Still looking over this, but had a question more up front

lld/wasm/Driver.cpp
388

this means we optimize by default now?

lld/wasm/InputChunks.h
152

should this say "SegmentPiece" instead of "SectionPiece"?

llvm/include/llvm/MC/MCSectionWasm.h
44

I'm a bit fuzzy now on segments and sections. Is the reason we're calling these "segment flags" here and elswhere, just because we are using segments in the wasm binary to represent them?

sbc100 updated this revision to Diff 341718.Apr 29 2021, 5:16 PM
  • feedback
sbc100 updated this revision to Diff 341722.Apr 29 2021, 5:32 PM
  • added new MC test

looks pretty good overall, a lot of this is making sure I understand everything

lld/wasm/InputChunks.cpp
374

This is dead because of the assertion above.

477

just to be clear, each thread has a different this object? When this function calls splitStrings, the emplaceBack will definitely allocate.

490

is the map checked somewhere else?

lld/wasm/InputChunks.h
42

Is "Merge" a segment that can be merged, and "MergedSegment" after merging?
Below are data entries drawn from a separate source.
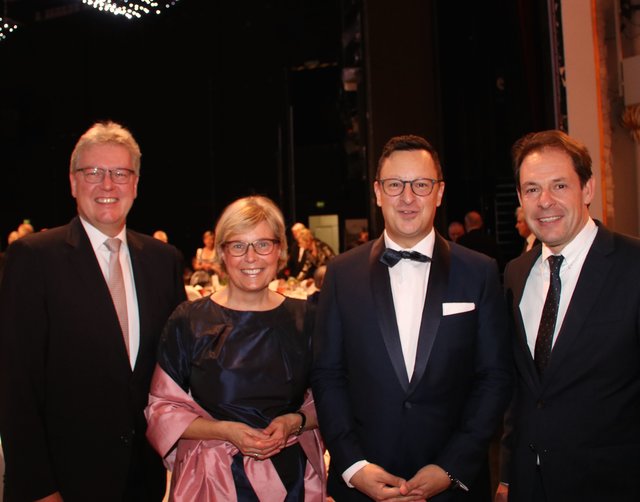 Dr. Matthias Everding (l.), Vorstandsvorsitzender Sparkasse Nürnberg, mit Ehefrau Dorothee, SPD-Stadtrat Ulrich Blaschke (2.v.r.) und Premium-Caterer René Lehrieder. | Foto: © John R. Braun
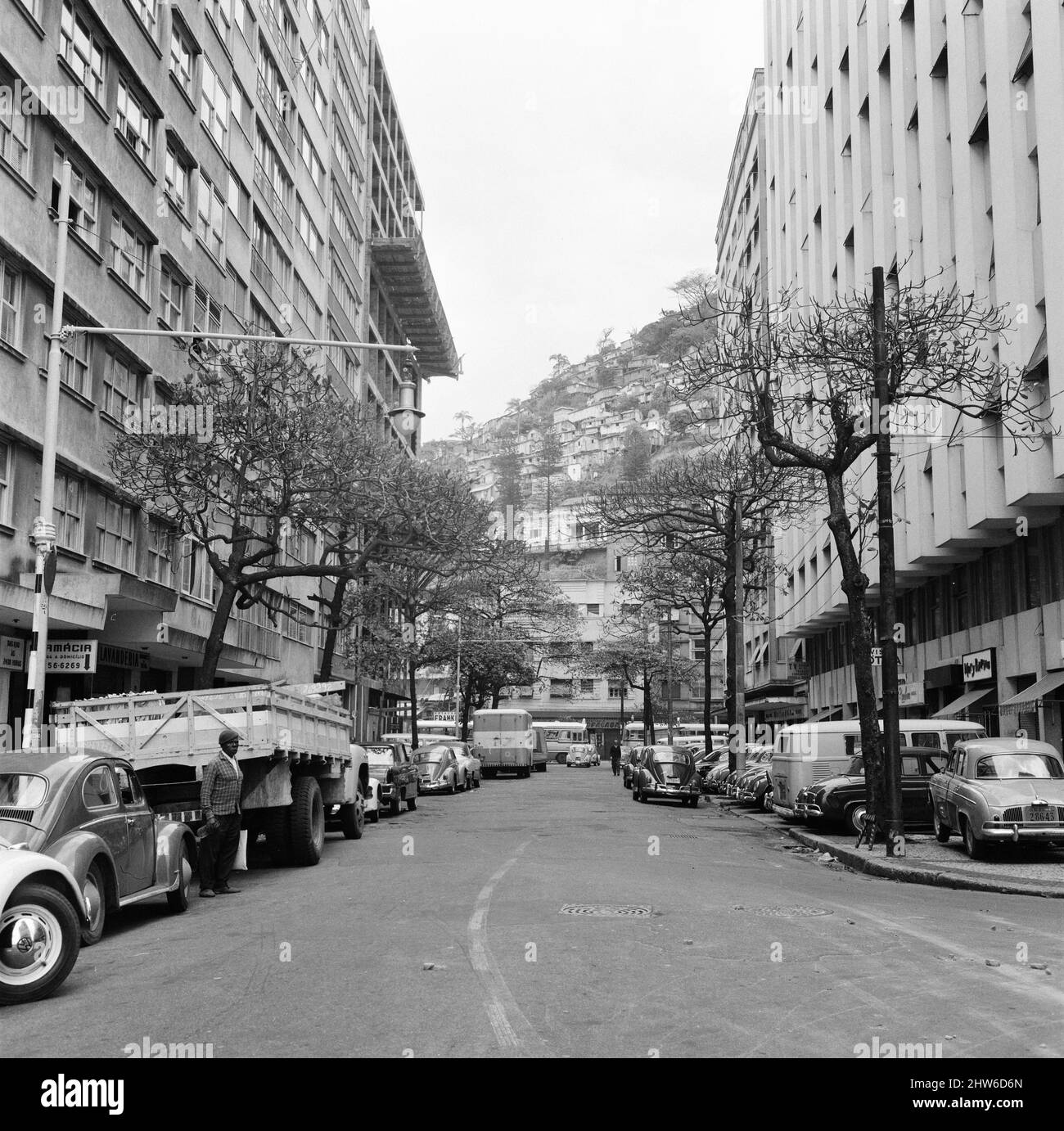 Codaba Beach Road, eingeklemmt zwischen zwei Wolkenkratzern, Rio de Janeiro, Brasilien, 24.. Oktober 1968. Stockfoto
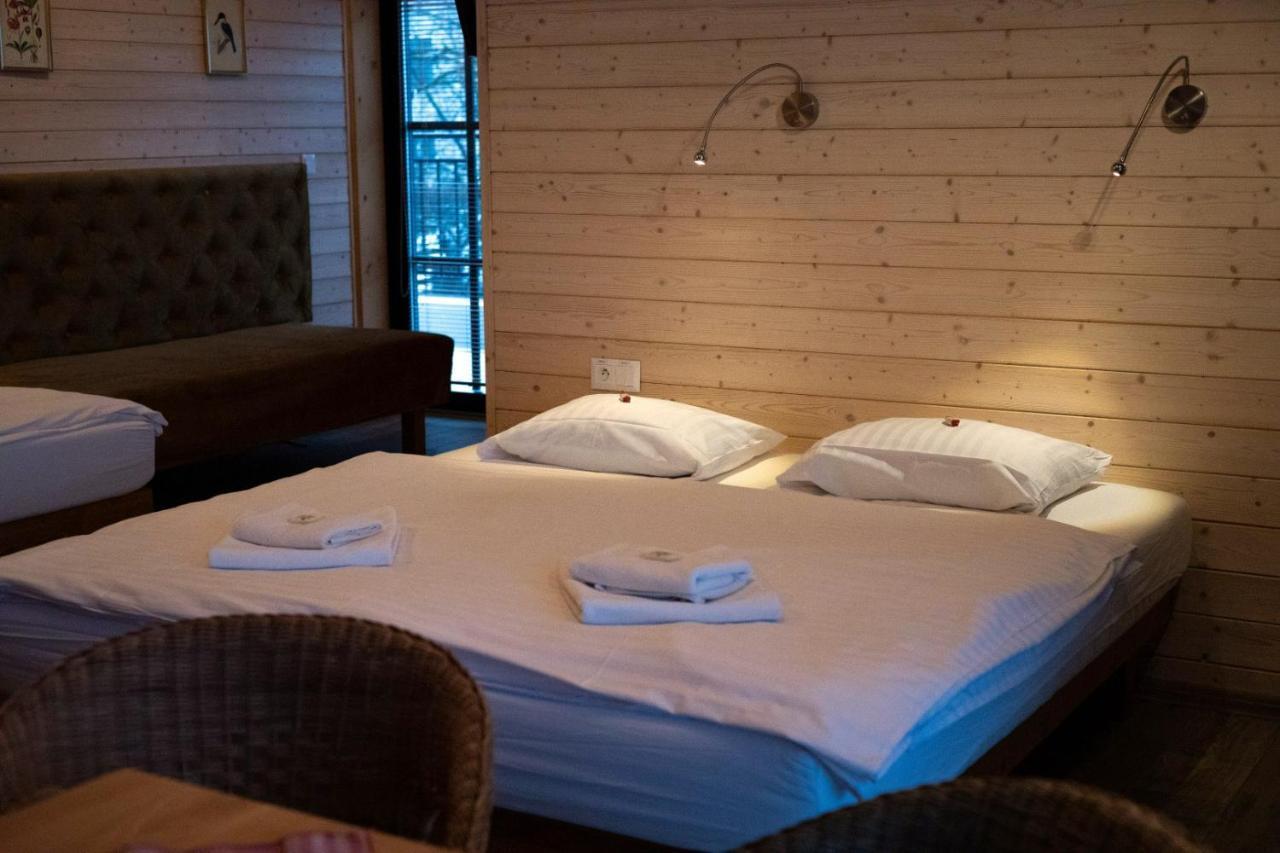 Wellness Rezort Janosikov Dvor Zázrivá Buitenkant foto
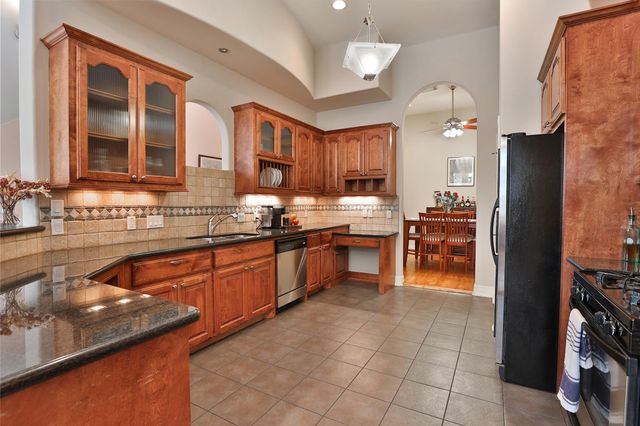 826 E 29th Street, Houston, TX 77009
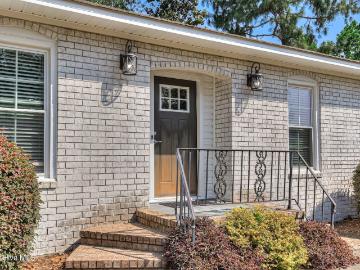 1749 Huntsman Drive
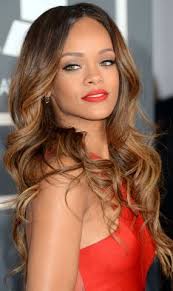 Dalgali Sac Modelleri Rihanna Hairstyles Thick Hair Styles Frontal Hairstyles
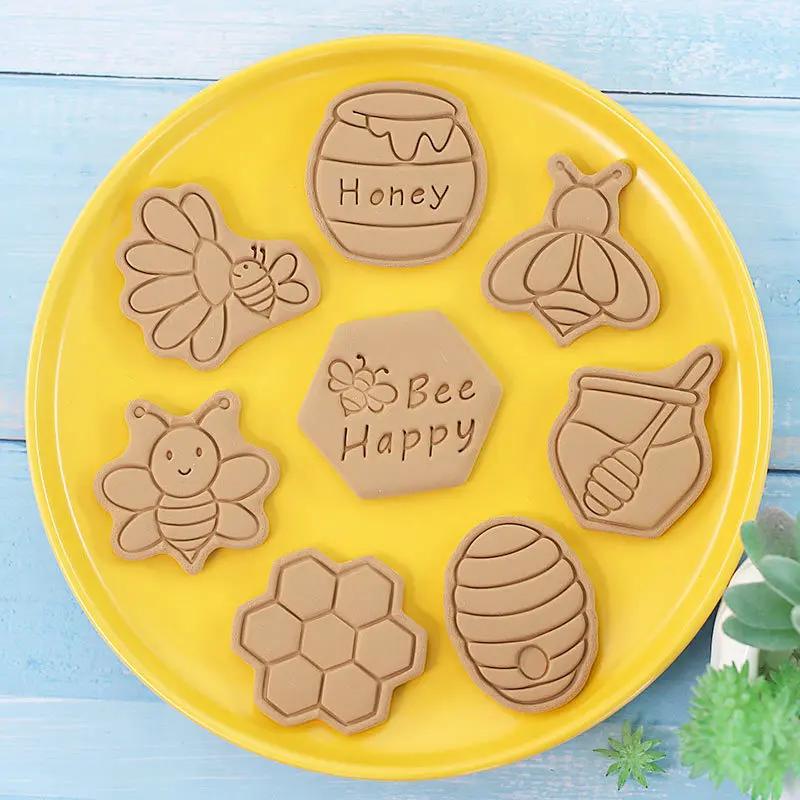 3D Bee Cartoon Cookie Cutters 8Pcs Plastic DIY Baking Mould Fondant Biscuit Cutter Set Home Kitchen Pastry Baking Tools Supplies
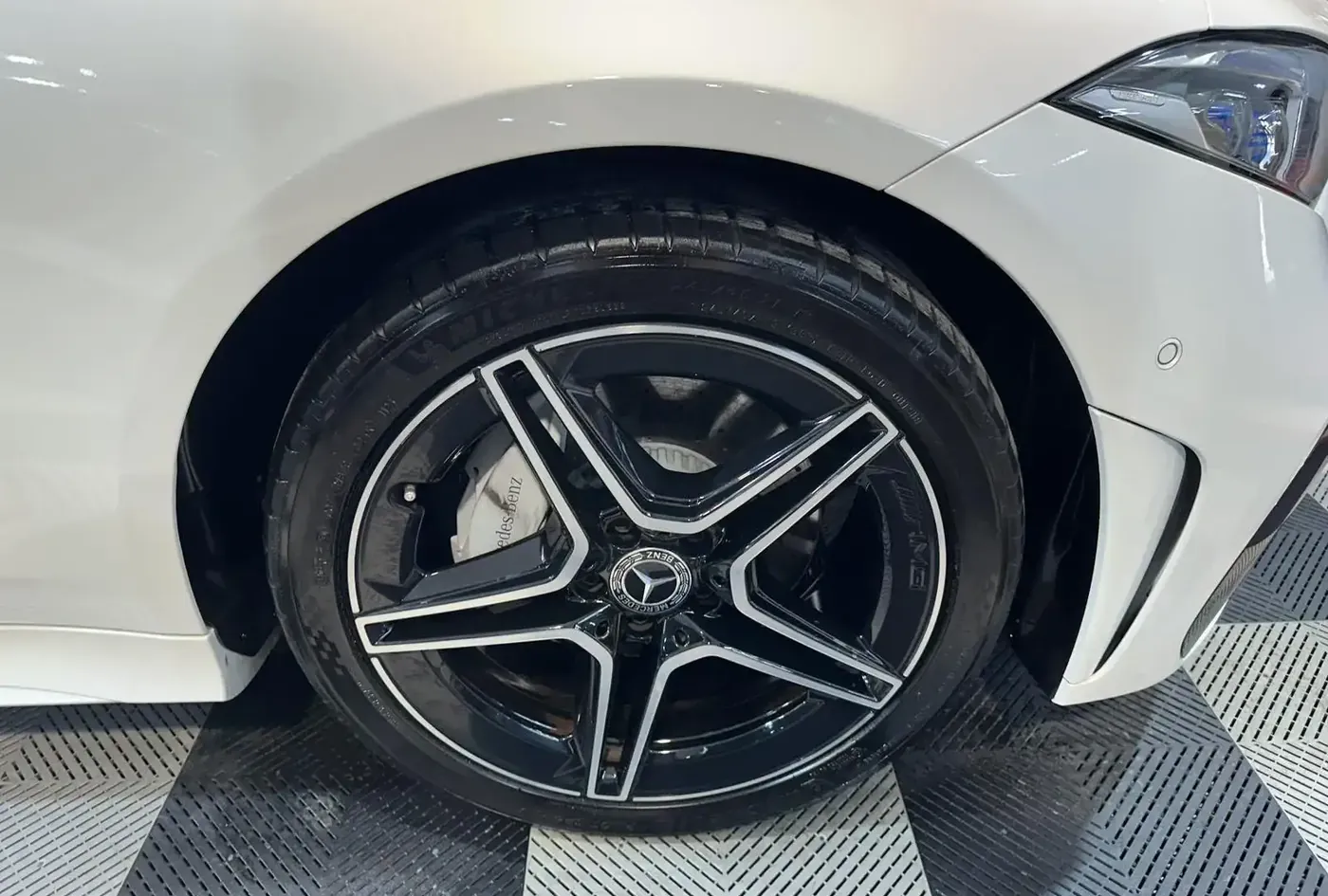 2022 Mercedes-Benz CLS-Class — photo 3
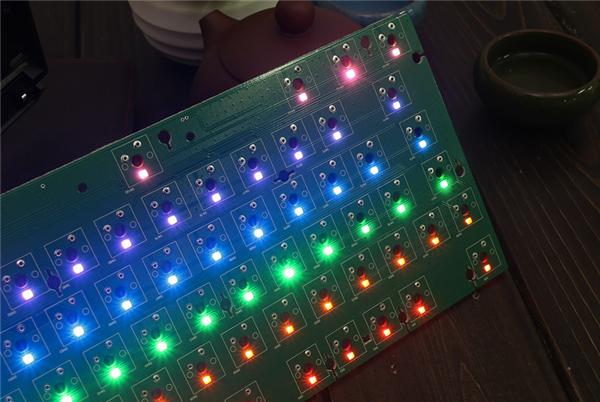 e元素键盘z686怎么样,e元素z727键盘评测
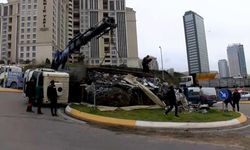 Ataşehir’de Korkutan Kaza: Hurda Yüklü Kamyon Kavşakta Devrildi!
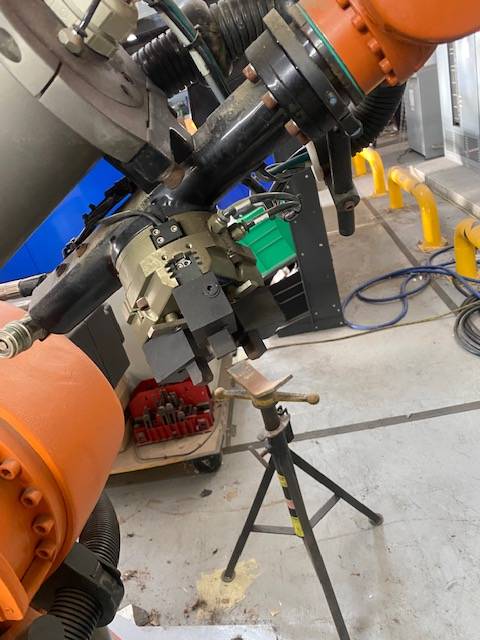 Kuka, kr- 30l-16-2, Machine Tending Robot, w/integrated vision location controls - Image 4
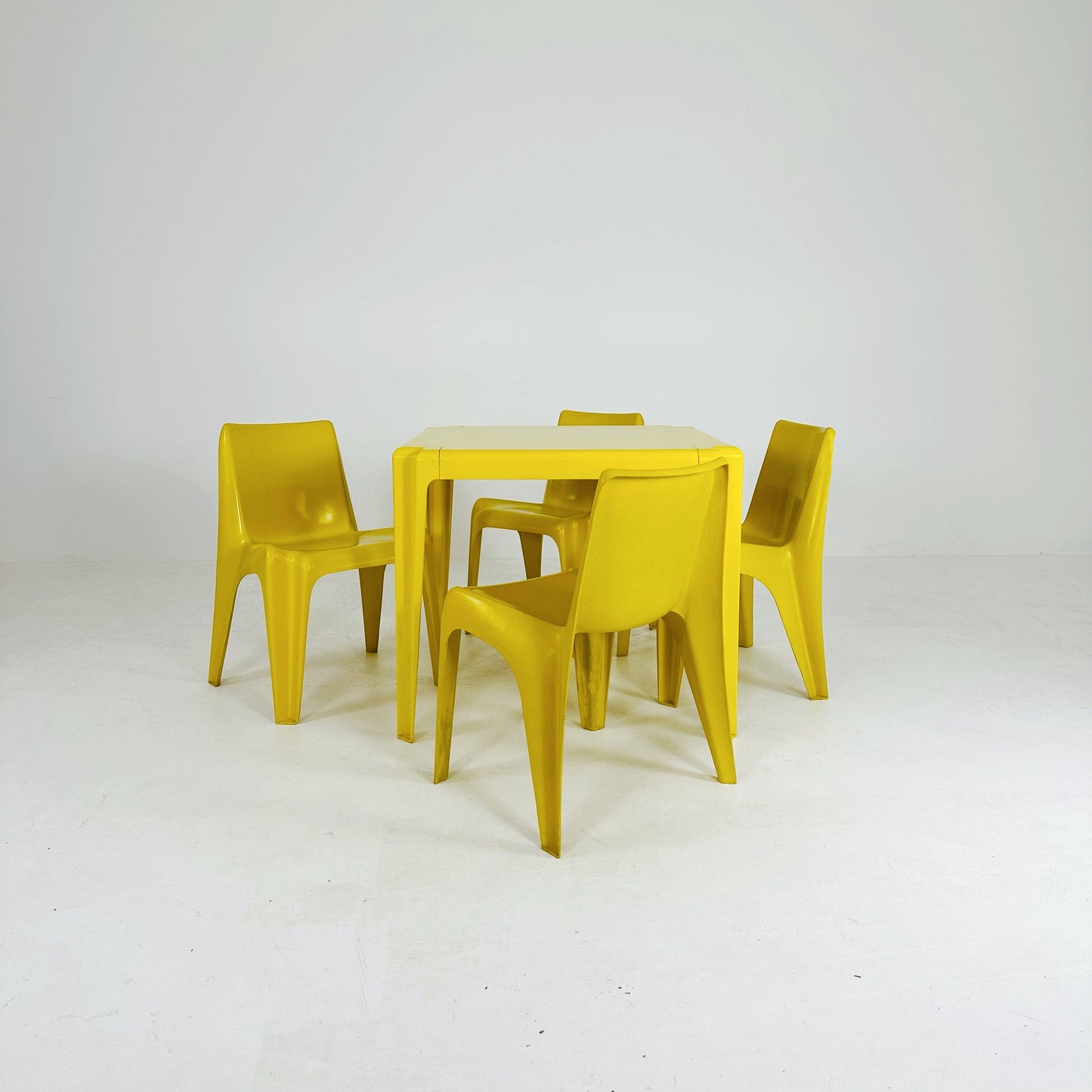 Yellow Set of 4 chairs & table Space age Bofinger BA1171 chair by Helmut Bätzner, 1970s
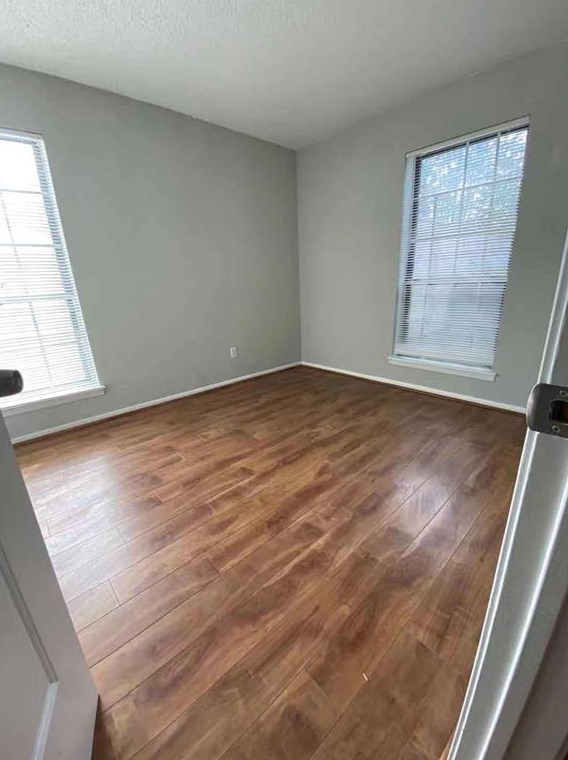 9242 Beechnut St, Houston TX  77096-1423 exterior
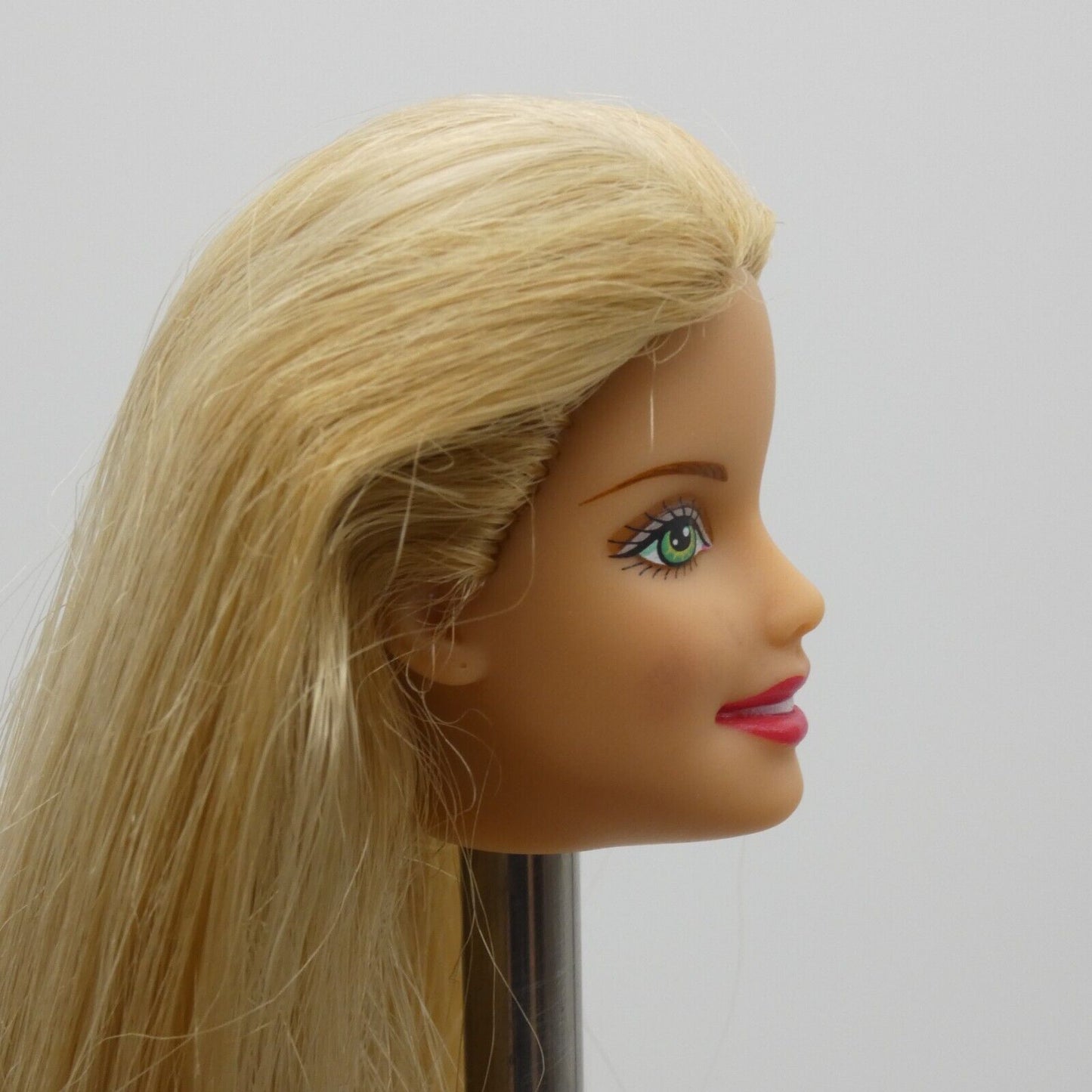 Barbie Fashion Wardrobe Doll Head Generation Girl Face Blonde Green Eyes 27788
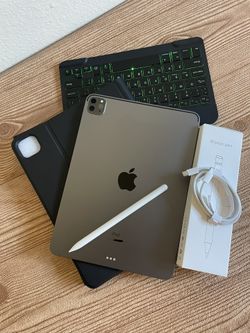 iPad Pro 11” (Face ID / 2020 model) 2nd Generation 128GB with keyboard case,  pen & Accessories 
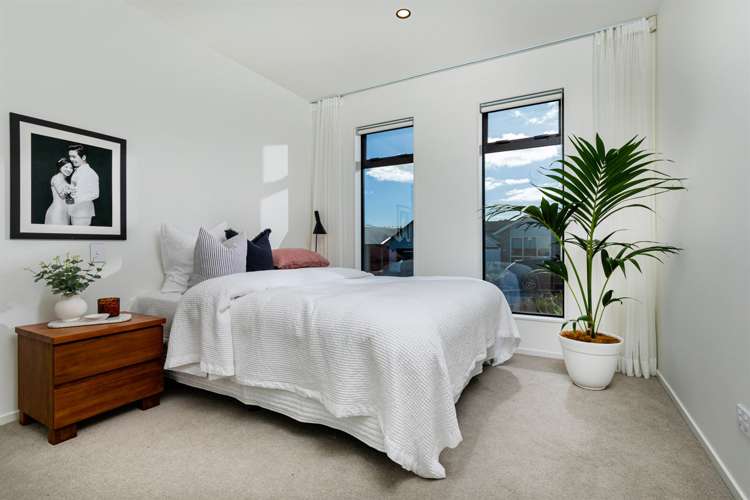 8 Betsy Lane Wainui_8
Would "MergeableSegment" better reflect what it means?

lld/wasm/InputFiles.cpp
435

Does clang explicitly pass -O0 to the linker to opt out, or does the user have to do that with -Wl?

lld/wasm/OutputSegment.cpp
42

the name mergeSegments is slightly confusing given (IIUC) that "merge segments" is used elsewhere to refer to segments before merging and here they are already-merged segments.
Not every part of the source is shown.